#### DATA TO EXAMINE
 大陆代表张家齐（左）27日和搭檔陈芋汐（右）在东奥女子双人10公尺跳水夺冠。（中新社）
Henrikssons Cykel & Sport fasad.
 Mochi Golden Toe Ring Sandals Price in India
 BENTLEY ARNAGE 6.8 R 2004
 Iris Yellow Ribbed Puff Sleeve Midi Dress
* * *
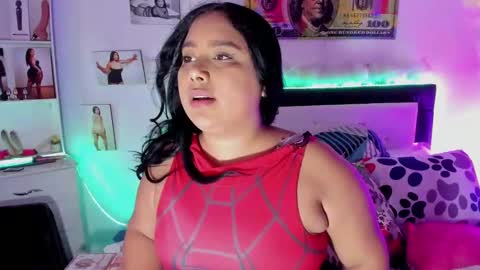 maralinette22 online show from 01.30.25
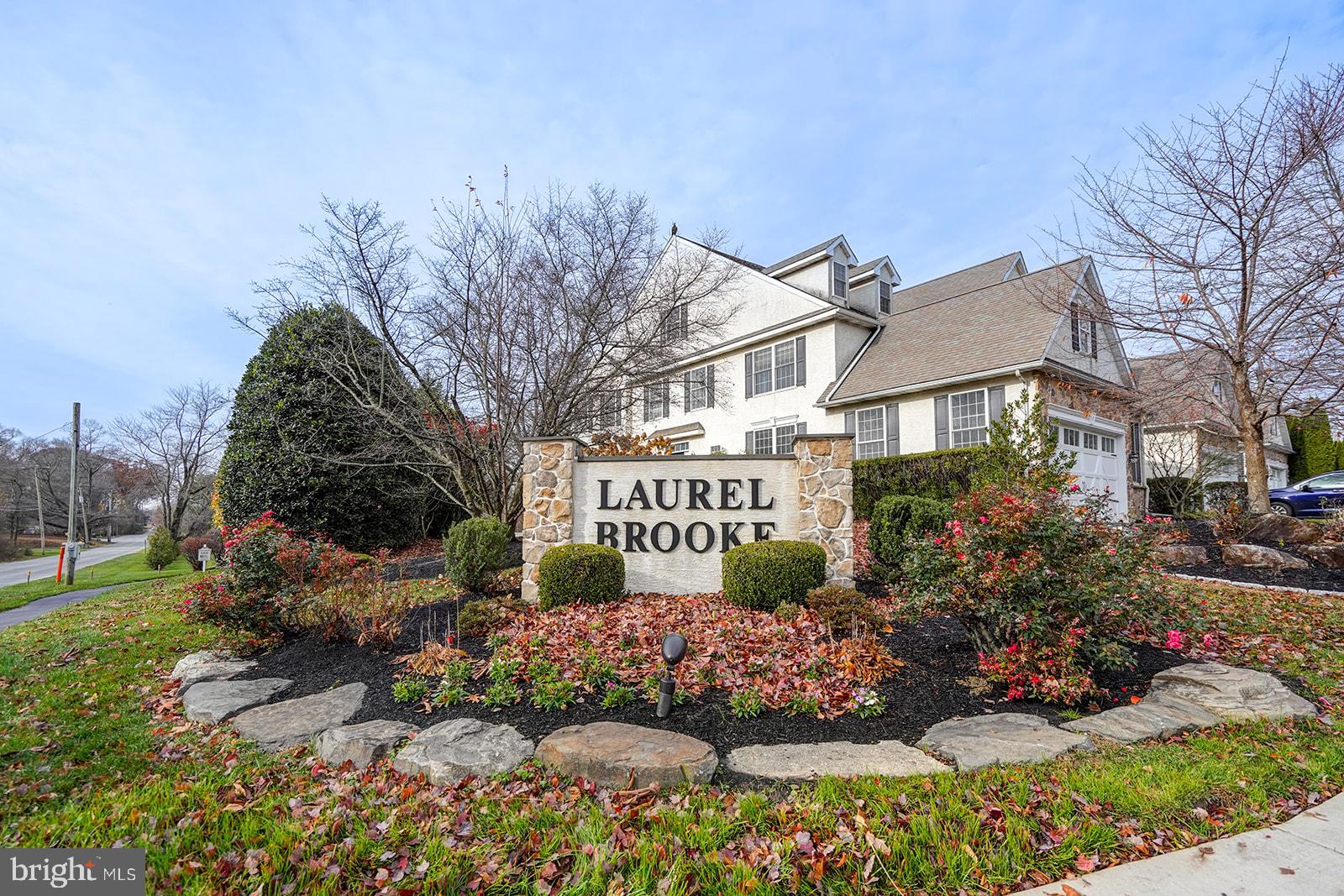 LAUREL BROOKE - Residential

#### ACTION ITEM
Drop the pictures; return the lines above from the line containing "maralinette22 online show from 01.30.25" to the line containing "LAUREL BROOKE - Residential", both included, exactly.

#### ANSWER TO THIS EXERCISE
 maralinette22 online show from 01.30.25
 LAUREL BROOKE - Residential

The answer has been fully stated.